Academic journal article Quarterly Journal of Business and Economics

An Empirical Analysis of Emerging Stock Markets of Europe

Academic journal article Quarterly Journal of Business and Economics

An Empirical Analysis of Emerging Stock Markets of Europe

Article excerpt


The demise of communism in Russia and Eastern Europe has led to increased opportunities for investors seeking greater potential returns and portfolio diversification. There is an important political context in which all of this occurred: the fall of communism and subsequent rise of populism, liberalization, modernization, and privatization have resulted in a more competitive economic landscape. This new political landscape also has opened stock markets to foreign investors, thus attracting much needed foreign capital for economic development.

Poland and Czechoslovakia were the first Eastern Bloc countries to initiate economic reforms. Other countries soon followed suit. The International Finance Corporation (IFC) now classifies seven countries in Europe as emerging: the Czech Republic, Poland, Russia, Hungary, Greece, Slovakia, and Turkey. The IFC defines an emerging stock market as any stock market located in a developing country, as defined by the World Bank's GNP per capita criterion for a developing country. In addition, the IFC considers size (as measured by market capitation) and liquidity (as measured by turnover) of a market in classifying that market as emerging and in deciding whether to include the country's securities in its emerging market data base (EMDB).

Emerging markets, in general, have gained the attention of investors, researchers, and policy makers in the last ten to fifteen years because of several factors. Perhaps the leading factor is their sound performance over the period, with yields in some markets far exceeding those of developed markets. Given the current international status and interest in emerging stock markets, the focus of this study is the stability, predictability, and volatility (including the persistence of volatility and time-varying risk premium) in the seven European emerging stock markets. Several papers have focused exclusively on developed stock markets and a few emerging markets in Asia, Europe, and Latin America. The primary focus of this study is the seven emerging markets of Europe. This study specifically examines whether these markets provide an avenue for investors seeking diversification and investors' potential returns over time to the changing risk patterns in these equity markets.
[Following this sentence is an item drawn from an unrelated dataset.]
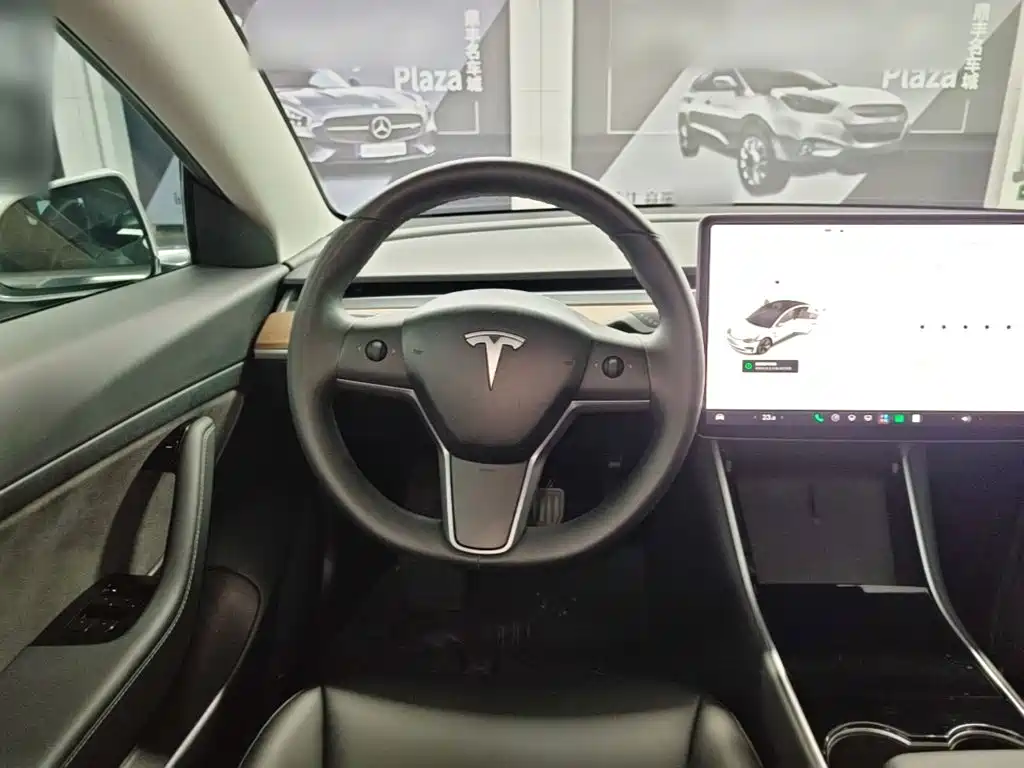 Tesla Model 3 — миниатюра 11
There is substantial diversity among the world's emerging markets in terms of infrastructure, market size, and liquidity. Some investors believe that emerging markets in Eastern Europe have greater growth potential over the next decade compared to the emerging markets of Asia and Latin America. European emerging markets may be viewed by investors as better quality than what is available in Asia or Latin America because the infrastructure and regulations of Eastern Europe are closer to that of developed markets. Furthermore, the high education levels in Eastern Europe, combined with lower salary levels compared to the developed world, make direct foreign investments and outsourcing production favorable.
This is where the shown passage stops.